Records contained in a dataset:

#####

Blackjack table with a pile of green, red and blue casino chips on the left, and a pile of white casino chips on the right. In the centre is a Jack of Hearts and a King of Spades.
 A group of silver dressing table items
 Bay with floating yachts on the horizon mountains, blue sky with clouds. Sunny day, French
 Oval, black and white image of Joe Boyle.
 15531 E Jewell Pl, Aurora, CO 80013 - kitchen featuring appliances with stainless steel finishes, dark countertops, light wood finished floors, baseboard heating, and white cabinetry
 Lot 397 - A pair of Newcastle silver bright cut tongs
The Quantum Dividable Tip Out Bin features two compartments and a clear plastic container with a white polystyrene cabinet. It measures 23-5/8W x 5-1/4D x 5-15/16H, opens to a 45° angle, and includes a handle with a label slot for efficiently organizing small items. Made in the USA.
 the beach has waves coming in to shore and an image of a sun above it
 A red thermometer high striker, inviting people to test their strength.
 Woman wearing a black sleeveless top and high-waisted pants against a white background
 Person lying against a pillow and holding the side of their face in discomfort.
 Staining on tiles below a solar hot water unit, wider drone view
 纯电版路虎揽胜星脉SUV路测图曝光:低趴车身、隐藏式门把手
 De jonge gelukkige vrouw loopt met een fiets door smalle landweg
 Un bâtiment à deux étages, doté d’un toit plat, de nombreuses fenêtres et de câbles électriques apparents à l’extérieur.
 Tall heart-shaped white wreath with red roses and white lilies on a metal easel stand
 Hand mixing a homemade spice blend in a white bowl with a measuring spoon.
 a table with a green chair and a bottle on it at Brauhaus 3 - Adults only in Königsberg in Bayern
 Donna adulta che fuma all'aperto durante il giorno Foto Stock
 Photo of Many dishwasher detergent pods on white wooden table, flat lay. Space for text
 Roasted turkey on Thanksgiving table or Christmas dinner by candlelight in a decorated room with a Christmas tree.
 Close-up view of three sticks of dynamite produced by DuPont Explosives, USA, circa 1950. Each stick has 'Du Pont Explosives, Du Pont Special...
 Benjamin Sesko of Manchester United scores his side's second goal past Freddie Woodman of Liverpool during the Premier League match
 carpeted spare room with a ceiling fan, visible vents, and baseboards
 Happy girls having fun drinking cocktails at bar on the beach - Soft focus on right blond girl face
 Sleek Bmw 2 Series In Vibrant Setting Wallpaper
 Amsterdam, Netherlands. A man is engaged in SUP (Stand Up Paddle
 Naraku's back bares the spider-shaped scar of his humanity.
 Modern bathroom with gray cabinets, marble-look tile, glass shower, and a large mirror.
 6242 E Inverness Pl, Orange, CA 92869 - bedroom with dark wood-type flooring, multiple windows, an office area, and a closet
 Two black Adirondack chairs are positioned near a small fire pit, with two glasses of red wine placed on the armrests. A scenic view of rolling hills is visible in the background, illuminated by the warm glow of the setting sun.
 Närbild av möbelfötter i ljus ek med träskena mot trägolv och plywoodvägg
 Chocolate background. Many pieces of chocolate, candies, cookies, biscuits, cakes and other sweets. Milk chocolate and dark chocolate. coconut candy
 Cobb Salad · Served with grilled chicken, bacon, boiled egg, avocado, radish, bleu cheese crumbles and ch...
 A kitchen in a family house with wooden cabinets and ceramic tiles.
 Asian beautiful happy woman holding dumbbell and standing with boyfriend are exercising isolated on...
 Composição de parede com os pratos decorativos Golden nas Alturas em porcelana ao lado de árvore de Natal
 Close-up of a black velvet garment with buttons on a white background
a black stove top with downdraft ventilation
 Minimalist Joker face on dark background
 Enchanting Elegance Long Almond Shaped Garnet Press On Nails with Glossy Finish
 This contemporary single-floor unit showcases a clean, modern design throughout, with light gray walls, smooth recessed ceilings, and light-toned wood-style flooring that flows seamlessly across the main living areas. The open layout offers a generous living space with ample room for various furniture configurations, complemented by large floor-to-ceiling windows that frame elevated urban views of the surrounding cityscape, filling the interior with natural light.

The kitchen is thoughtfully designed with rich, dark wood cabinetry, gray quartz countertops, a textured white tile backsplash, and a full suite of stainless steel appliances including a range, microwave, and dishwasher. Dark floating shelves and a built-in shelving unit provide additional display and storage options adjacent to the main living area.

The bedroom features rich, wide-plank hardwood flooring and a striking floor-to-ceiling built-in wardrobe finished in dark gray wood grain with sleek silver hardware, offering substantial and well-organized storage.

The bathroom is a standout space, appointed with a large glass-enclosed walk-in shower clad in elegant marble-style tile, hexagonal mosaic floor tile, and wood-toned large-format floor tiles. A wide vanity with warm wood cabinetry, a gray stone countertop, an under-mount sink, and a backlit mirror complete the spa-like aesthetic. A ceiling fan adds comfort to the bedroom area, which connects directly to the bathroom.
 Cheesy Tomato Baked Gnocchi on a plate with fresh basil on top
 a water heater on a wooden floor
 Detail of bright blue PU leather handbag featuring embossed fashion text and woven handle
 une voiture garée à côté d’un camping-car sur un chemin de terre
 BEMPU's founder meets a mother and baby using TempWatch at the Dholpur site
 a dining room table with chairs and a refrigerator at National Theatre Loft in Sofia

#####

## INSTRUCTIONS TO FOLLOW
Your response should hold only an exact copy of the lines above, from the one containing "Cheesy Tomato Baked" through the end of the entries.

## EXERCISE RESULT
 Cheesy Tomato Baked Gnocchi on a plate with fresh basil on top
 a water heater on a wooden floor
 Detail of bright blue PU leather handbag featuring embossed fashion text and woven handle
 une voiture garée à côté d’un camping-car sur un chemin de terre
 BEMPU's founder meets a mother and baby using TempWatch at the Dholpur site
 a dining room table with chairs and a refrigerator at National Theatre Loft in Sofia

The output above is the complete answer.